When I arrived to the United States in 2011 my friend told me he had been at the Occupy Wallstreet demonstrations the previous week, I thought he was crazy.

“We’re new to this Country dude, why would you go there and risk your Visa like that?” - Me

“I care about this sort of stuff dude, it’s important that we stand up for what’s right” - Him

Deep down I knew that he was right, but I was too scared of The Empire to do anything like that, instead for the next few years I put my head down, worked 9-6 in New York City, paid a tonne on Money on rent, and booze, and other things, and dealt with the crushing knowledge that I was making $100,000 a year, and someone was making a $1,000,000 or more off of my back.

Rewind 3 years earlier, and I was back in Australia, I had finally stopped working for other people and I was fully funded by my own software development firm. It was actually really hard, I worked ridiculous hours (easily 12 hours a day, easily), I brought in the $70,000 a year, but it cost me a lot of my time.

The economy of scale wasn’t there, compared to the pre-built software or the established firms, it was going to take me another 10 years to get myself to a point where everyone else was working all day and I just made money off the company.

Yeah that was my goal, make money off of other people working.

I wanted to be a rent seeker, I wanted to steel from the people I forced to labor under me.

And I was determined to succeed on that path, because that’s what succes looks like in a Capitalist economy.

So let’s talk about Capitalism a bit, this system where a few (1%, 5%, sometimes 10%) of people own the businesses that employ the labor to produce what society needs. A system which inevitably leads to concentration of wealth and power for the very reasons I discussed above, that’s the point of capitalism, to gain more capital.
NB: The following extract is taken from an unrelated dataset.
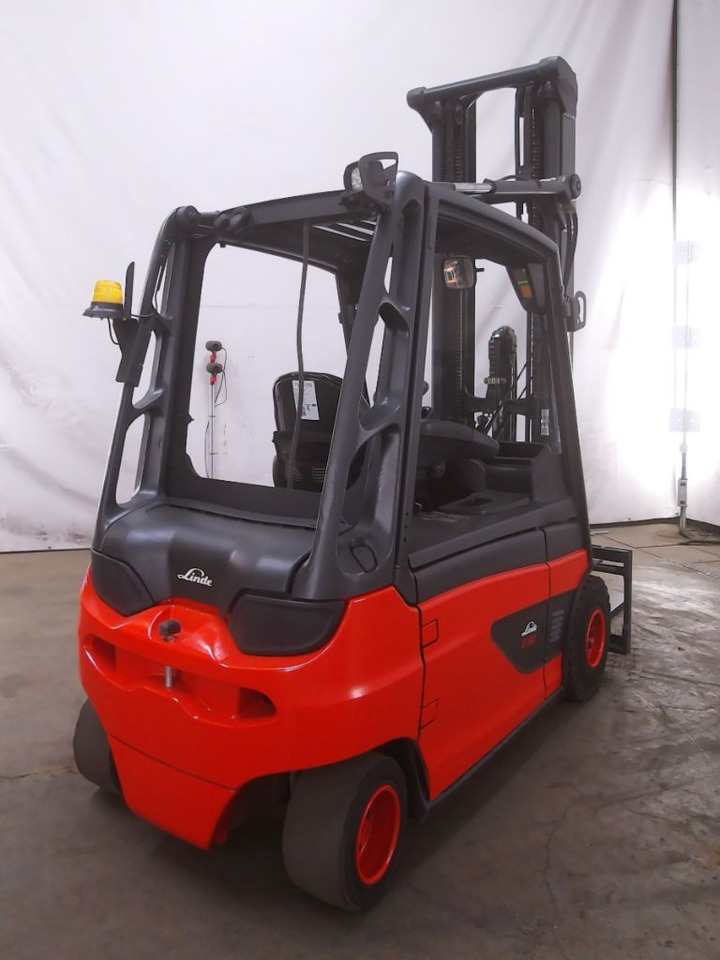 Linde E30L - Электропогрузчик: фото 2 Linde E30L - Электропогрузчик: фото 2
Well this fact of Capitalism, will be its very downfall, and Dr Richard Wolff is here on Empire Files to explain why.

The difference between Marxism and other things, is that it wants to go to the root, it is radical in that sense. It wants to see these problems Homelessness, Inequality, an economy that bounces around, a society that concentrates political power.
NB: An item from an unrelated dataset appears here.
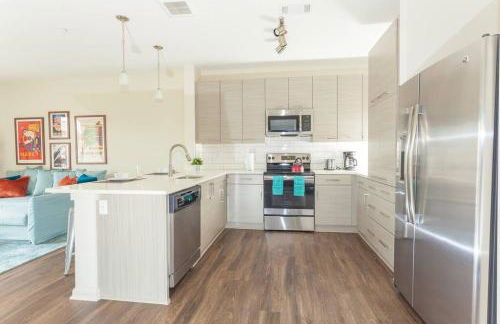 League Flats Uptown at West Trade Street - Photo 25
These recurring problems of Capitalism, Maxism says are built into the system. If you want to solve that, you can’t do that within the framework on the system, you have to face the fact that the system itself is the problem.

Which is why Marxists tend to be people who abide by the idea we can and should do better than Capitalism. We should reorganize society because that would be a better way of solving those problems.

Dialectical Materialism is the name for a point of view that says that if you want to understand the world you have to look at how ideas shape the material, but the other way too, but the two interact.

When it came to explain the problems of Capitalism, he never suggested it was the ideas, it’s the real way that people get their food, make their clothes, and live in the system.

Internal contradictions, problems it’s constantly dealing with, for a while it finds solution (Slavery, Oil, Credit), and then it eventually fails

When and where will we get to a point of internal contradiction where it begins to tremble, makes it vulnerable, and at that point if revolutionaries can see and understand what’s going on they can intervene to move to the next system. Just like rebels overthrew slavery, feudalism.